U.S. point man on SNK talks in Communist China: Christopher Hill, the lead U.S. negotiator on Stalinist North Korea’s nuclear arsenal, “is currently in Beijing for talks with Chinese officials on the latest efforts to persuade North Korea to return to the negotiating table” (BBC) for more talks on its nuclear arsenal. Hill ripped the Stalinists for “stalling” (Voice of America via Epoch Times) on the talks. Before trying to enlist the Communists’ aid regarding SNK (Will they never learn?), Hill met with South Korea’s dovish President Roh Moo-hyun (Cybercast News). As for the talks themselves – which include North and South Korea, Japan, Communist China, Russia, and the United States – past history shows restarting them is far from the optimal solution.

Sudan’s best friend in the UN – Communist China: As Sudan slaughters the residents of Darfur province, Communist China is pouring billions into the Islamic regime’s oil fields, and shielding it from any United Nation condemnation (Washington Times).

Australia skittish on East Asian “non-aggression” pact: The non-aggression pact Communist China and other members of the upcoming East Asian Summit are demanding Australia sign (fourth item) is giving the democracy pause, largely due to “its close political and military alliance with the United States” (Cybercast News).

On the Falun Gong War: Stephen Gregory, U.S. editor of the Epoch Times, marks the sixth anniversary (yesterday) of the spiritual movement’s protest in Beijing.
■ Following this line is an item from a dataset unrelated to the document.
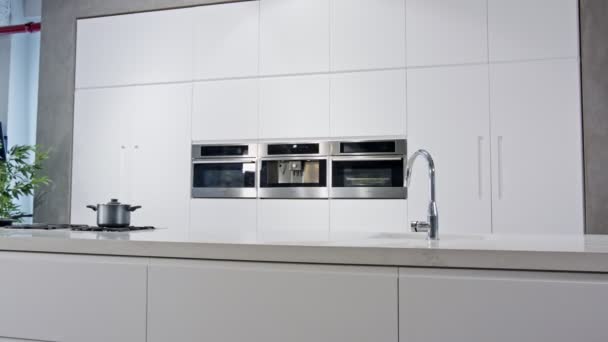 Tracking shot di una cucina di lusso con design moderno bianco
 - Filmati, video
The Communists banned the movement three months afterwards, beginning a brutal and deadly crackdown against its practitioners.

On the one million resignations and the Nine Commentaries: He Qinglian talks to Lu Qingshuang (Epoch Times) on the one million resignations from the Chinese Communist Party. The Epoch Times also has the speech of Zeng Zhen of the Global Coalition to Bring Jiang to Justice at the million resignation rally in New York last weekend, and the stories behind some of the million ex-cadres.

On Stalinist North Korea’s “strategic purpose”: Jong-Heon Lee adds another column long on words and short on actual substance – this time on the “strategic purpose” (United Press International via Washington Times) of the Stalinists’ nuclear ambitions. As usual, liberating northern Korea is not even discussed. Will they never learn?